En un país donde las grandes causas muchas veces luchan por tener voz, doña Mary Pérez Marranzini supo no solo hacerse escuchar, sino dejar una huella profunda, transformadora y duradera. Más que una filántropa social, fue una pionera de la solidaridad organizada y una visionaria que abrió camino en la comunicación corporativa y la responsabilidad social mucho antes de que estos términos existieran formalmente en República Dominicana.

Cuando aún no se concebían campañas de recaudación estructuradas ni departamentos de comunicación en las instituciones sin fines de lucro, doña Mary y su inseparable compañera Vicenta de Peignand ya recorrían medios de comunicación y escuelas repartiendo sobrecitos con llamados a la colaboración. Era una forma primitiva pero efectiva de movilizar conciencias y recursos. Recuerdo con nitidez cómo cada fin de año esos sobres llegaban a nuestros colegios, y cómo, como niños, comprendíamos mejor su labor porque muchos usábamos esas boticas que “servían para enderezar los pies”.

Doña Mary entendía la fuerza de la comunicación cuando todavía era vista como un accesorio y no como una herramienta estratégica. Aparecía en radio, televisión, ruedas de prensa, charlas… no para figurar, sino para educar, sensibilizar, humanizar. Con ella, la responsabilidad social no era una moda, era una forma de vida.

Tuve el inmenso privilegio de conocerla de cerca. Como periodista y comunicadora, me desempeñé como directora de Comunicación de la Asociación Dominicana de Rehabilitación entre 2016 y 2019. Fueron años de aprendizaje profundo, no solo profesional, sino humano. Ver hoy en los medios las fotografías de aquellas últimas sesiones públicas que compartimos me conmueve; evocar los desayunos y encuentros con periodistas que marcaron sus apariciones finales me llena de gratitud. Acompañarla en ese cierre de su ejemplar labor es uno de los más grandes honores que la vida me ha concedido.

En septiembre de 2019 decidí asumir nuevos retos profesionales. Lo que más me dolió fue separarme de quien me enseñó, como nadie más, lo que significa el amor desinteresado al prójimo. Mucha gente no sabe que doña Mary nunca aceptó un salario. Ni quincenas ni contratos. Su único deseo era devolver al mundo la gratitud que sentía por la vida de su hijo Celso, quien logró sobrevivir a la poliomielitis.

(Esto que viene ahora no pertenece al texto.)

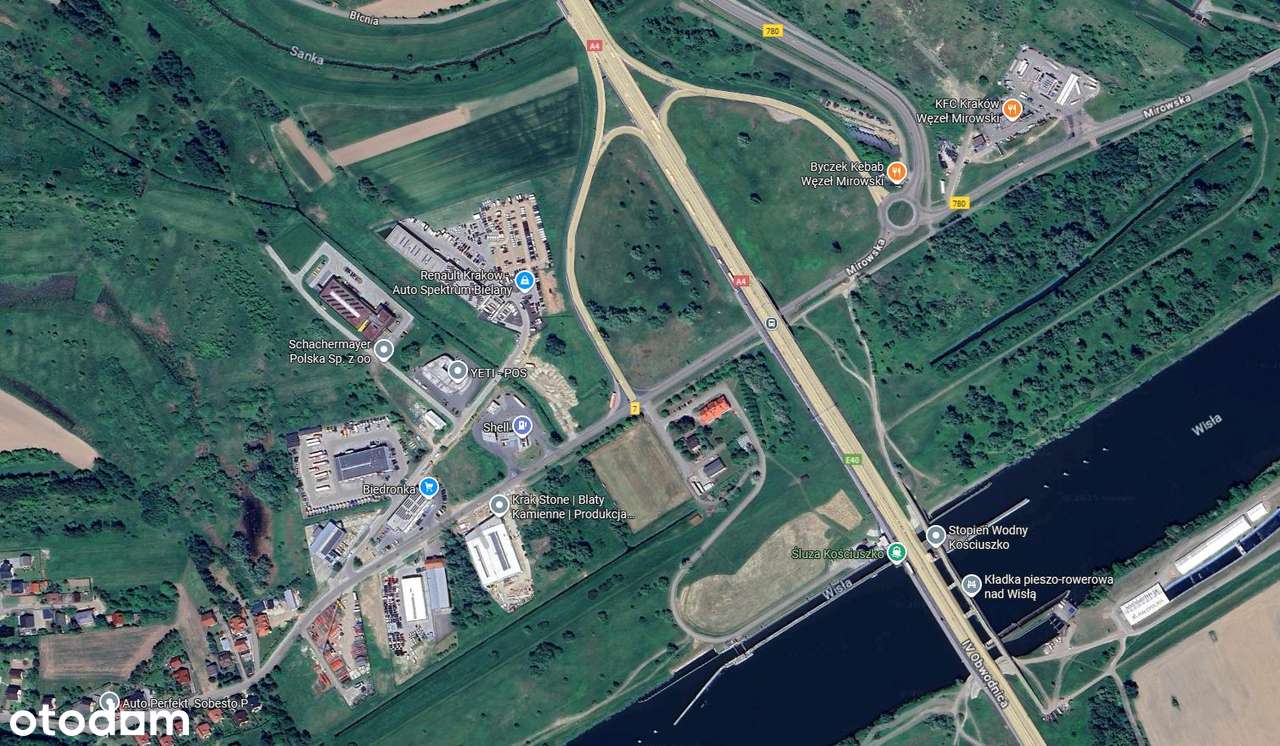 Świetna lokalizacja pod budowę hali, budynku biurowego, ok.  1280m2 - Pełny obrazek: 2/6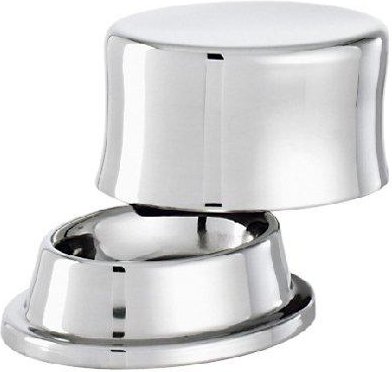 Sambonet Bamboo Edelstahl 18/10 Butterdose mit Deckel 2 tlg.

Nacida en Santo Domingo, fruto del amor entre el español Celso Pérez y la puertorriqueña Carmen Pintado, doña Mary construyó una vida familiar sólida al lado de su esposo Constantino Marranzini (fallecido en 1993), con quien tuvo cuatro hijos y 14 nietos. Pero más allá de su familia, construyó una nación más humana.

Fundadora del Colegio Santa Teresita y luego bachiller en Filosofía y Letras en 1944, doña Mary ya en 1959 era la dominicana con mayor experiencia en fisioterapia de miembros inferiores. Esa preparación, nacida del dolor y la necesidad, se transformó en liderazgo cuando fundó la Asociación Dominicana de Rehabilitación, institución que hoy lleva más de cuatro décadas atendiendo a personas con discapacidad física y mental.

Ella fue mucho más que una fundadora. Fue gestora, articuladora, redactora de estatutos, diseñadora de procedimientos, y creadora de una cultura de servicio que todavía se respira en cada rincón de la institución. Su vinculación con organismos como el Consejo Nacional de Seguridad Social, la Comisión Nacional de Salud, el CONAPREM y muchas otras, refleja su rol activo en políticas públicas, salud y derechos humanos.

Fue también pionera del voluntariado estructurado, del activismo social con rostro humano, y de la formación ética como base de cualquier proyecto solidario. Presentó ponencias, promovió cambios legislativos, levantó la voz por quienes no podían hacerlo.

A lo largo de su trayectoria fue merecedora de numerosos reconocimientos, entre ellos: la Orden Duarte, Sánchez y Mella; la Orden San Silvestre Papa, otorgada por el Papa Juan Pablo II; y diversos doctorados Honoris Causa. Cada uno de esos galardones confirma lo que quienes trabajamos con ella siempre supimos: que estábamos ante una mujer excepcional.

Hoy, al recordarla, lo hago no solo como excolaboradora, sino como discípula. La comunicadora que soy le debe mucho a la pionera que ella fue. Porque antes de que en este país se hablara de responsabilidad social, doña Mary ya la practicaba con rigor. Antes de que se estructuraran departamentos de comunicación institucional, ella ya sabía cómo hablarle al corazón del pueblo.

Su memoria seguirá viva en cada niño que reciba una botica, en cada familia que encuentre esperanza en la rehabilitación, y en cada persona que entienda que comunicar bien también es una forma de sanar.